A Midtown Manhattan office property

The renovated lobby at 1400 Broadway. Image courtesy of Empire State Realty Trust

Completed in 1930, the 37-story tower underwent renovations to its lobby, windows, elevators, electrical, HVAC and security systems in 2010, and was acquired by ESRT four years later for $310 million, according to CommercialEdge information. Amenities at the LEED, WELL, Energy Star and Fitwel-certified building include private lounges and meeting areas, a newly constructed assembly room and 18,000 square feet of ground-floor retail, as well as MERV 13 air and particle filters.

Newmark Vice Chairman Scott Klau, Executive Managing Director Erik Harris and Managing Director Neil Rubin currently oversee leasing and brokerage services at the property. Its tenant roster includes Kohl’s, Fragomen and Neon, among others.

Situated in one of the borough’s most dense office corridors, 1400 Broadway is surrounded by many of Midtown’s retail, dining, cultural, entertainment and hospitality offerings. The building has quick access to both local and express subway lines, and is within 1 mile of both Grand Central Terminal and Penn Station.

An adapting office market

With a slowed development pipeline and tepid deal volumes, the nation’s largest office market faces struggles with many of its core fundamentals.

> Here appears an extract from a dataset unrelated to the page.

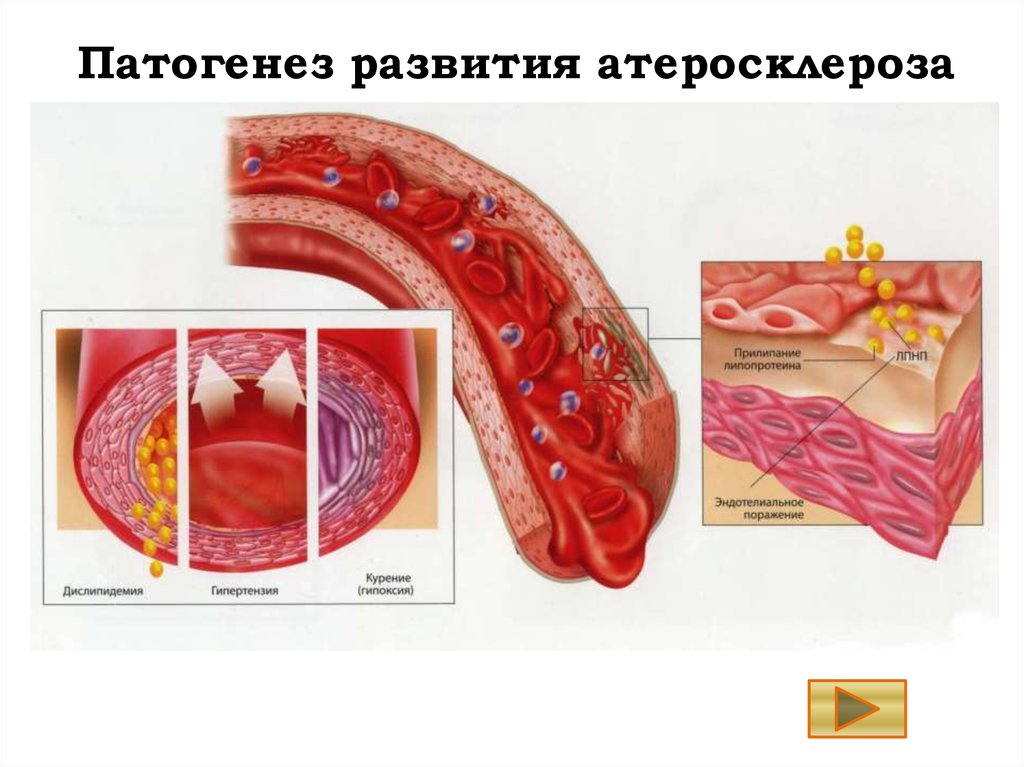 Атеросклероз картинки для презентации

In part, this has been due to many relatively quick changes to how office work is conducted, brought on by the pandemic and the popularity of hybrid work, as well as the tenant flight to exclusively high-quality, amenity-driven spaces. According to CommercialEdge data, Manhattan’s office vacancy rate has increased 210 basis points year-over-year to 16.5 percent as of April, while its 15.1 million-square-foot pipeline marks a 21 percent decrease over the same period.

Still, the borough has been home to recent high-profile new leases and renewals. In January, Fox Corp. and News Corp. extended their commitments at 1211 Avenue of the Americas, occupancies totaling 1.2 million square feet.